# Cash gift to brother in NY.



## noproblem (14 Jan 2017)

Hope i'm posting this in proper place? I want to gift a brother in the states up to €10k or its equivalent in dollars. I've been told I can give up to €33k free from tax in Ireland, but can anyone tell me will the brother in America have any tax to pay on it? Thanks.


----------



## Bronte (16 Jan 2017)

Surely your brother in America should find this out?

Who told you that a gift of 33K is tax free? I thought it was a 3K annual amount. 

Anyway I can't see how revenue in either Ireland or America would get wind of what you are doing.


----------



## T McGibney (16 Jan 2017)

Bronte said:


> Surely your brother in America should find this out?


+1



Bronte said:


> Who told you that a gift of 33K is tax free? I thought it was a 3K annual amount.



I presume the OP means €30,150 threshold + first €3,000 gift exemption = "€33k tax free"?


Bronte said:


> Anyway I can't see how revenue in either Ireland or America would get wind of what you are doing.


I'd expect personal international money transfers of such sums are routinely reported under Anti-money laundering regulations.


----------



## Deiseblue (16 Jan 2017)

Gifts of Irish property including cash irrespective of the residence of the donor or donee are subject to Irish gift tax on amounts exceeding the annual threshold of €3,000 at a rate of 33%.
The primary responsibility for such tax falls on the person receiving the gift.


----------



## Bronte (16 Jan 2017)

I'm lost.  What 30,150 threshold.
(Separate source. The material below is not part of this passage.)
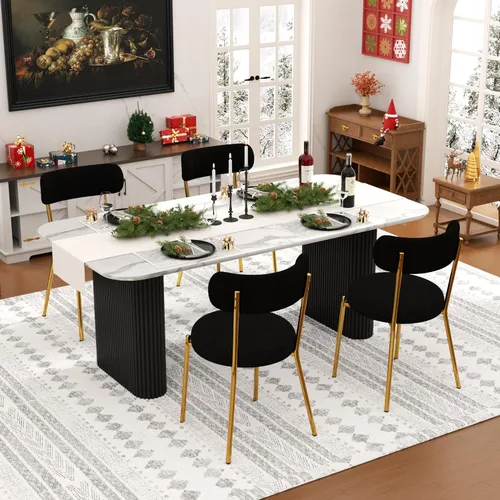 Miniatura 27 de Juego de mesa de comedor ovalada negra moderna de 70.9 pulgadas para 4, mesa de cocina rectangular estilo crema con sillas negras Boucle, juego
I thought it was 3K annually.  So OP should think about doing this over three years or so.


----------



## Bronte (16 Jan 2017)

[QUOTE="T McGibney, post: 1501210, member: 53739

I'd expect personal international money transfers of such sums are routinely reported under Anti-money laundering regulations.[/QUOTE]

I doubt 10K triggers anything. 100K then you're talking.


----------



## T McGibney (16 Jan 2017)

Based on the AML training I've received, €10k may well trigger a report - not that it means anything once the source of the funds is legit.


----------



## Bronte (16 Jan 2017)

T McGibney said:


> Based on the AML training I've received, €10k may well trigger a report - not that it means anything once the source of the funds is legit.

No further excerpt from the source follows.